PESHAWAR, Pakistan (Reuters) - A former Afghan provincial governor who was kidnapped in Islamabad this month was freed from his captors by Pakistani police on Friday, officials said.
Fazlullah Wahidi, the ex-governor of Afghanistan’s western Heart province, was abducted on Feb. 12 from a busy market in the Pakistani capital.
“We recovered the former Afghan governor Fazlullah Wahidi from his kidnappers and arrested three kidnappers,” said Javed Iqbal Wazir, police chief of the northwestern Swabi district from where Wahidi was rescued.
“The former governor was in good health and has been shifted to the Afghan consulate in Peshawar.”
Wazir said the three arrested people were in custody and being investigated at a secret location. The motive for the kidnapping was still not clear, he said.
Former Afghan President Hamid Karzai, who Afghan media say is close to Wahidi, issued a statement after the kidnapping, saying the former governor traveled to Pakistan to apply for a visa to the United Kingdom.

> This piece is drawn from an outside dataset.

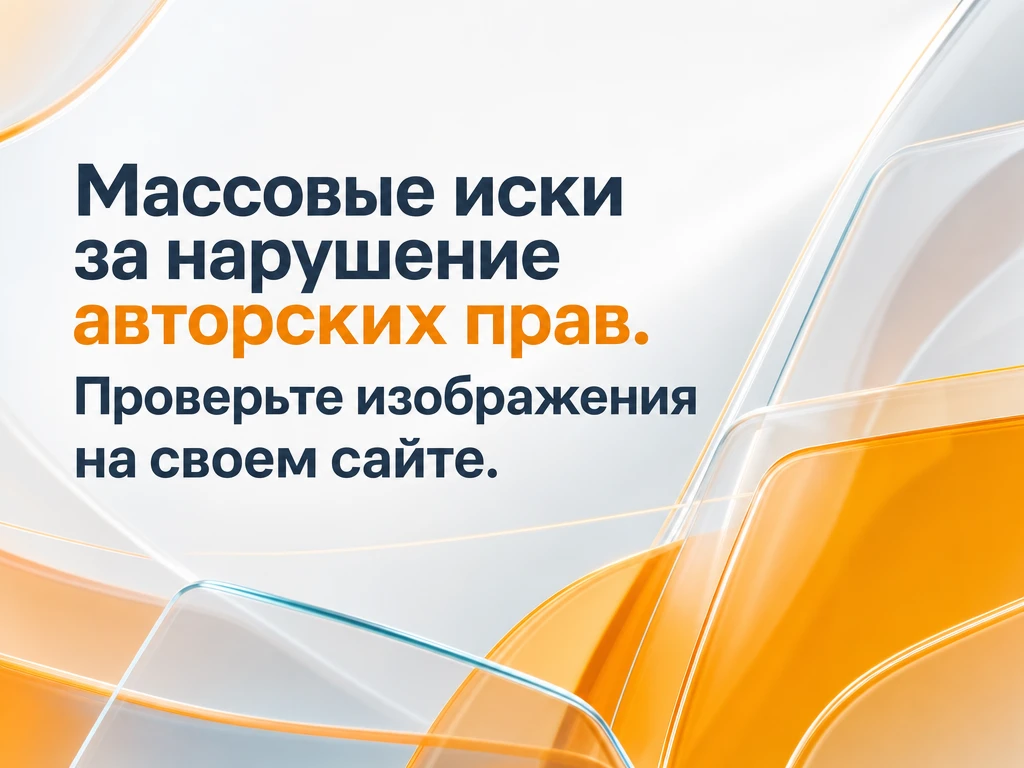 Массовые иски за нарушение авторских прав. Проверьте изображения на своем сайте.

The UK does not issue visas to Afghans in Kabul.
By Friday afternoon, Wahidi had been moved to the Afghan Embassy in Islamabad and was preparing to return home, said Abdul Nasir Yousofi, the embassy’s political counselor.
“He is safe and he is with us now,” Yousofi said.
Pakistan and Afghanistan have been seeking to mend relations in recent months in part to foster peace talks with the Taliban to end Afghanistan’s nearly 15-year-old war.
However, mistrust on both sides is deeply ingrained, with each accusing the other of failing to crack down on Islamist militants finding safe haven in lawless border areas.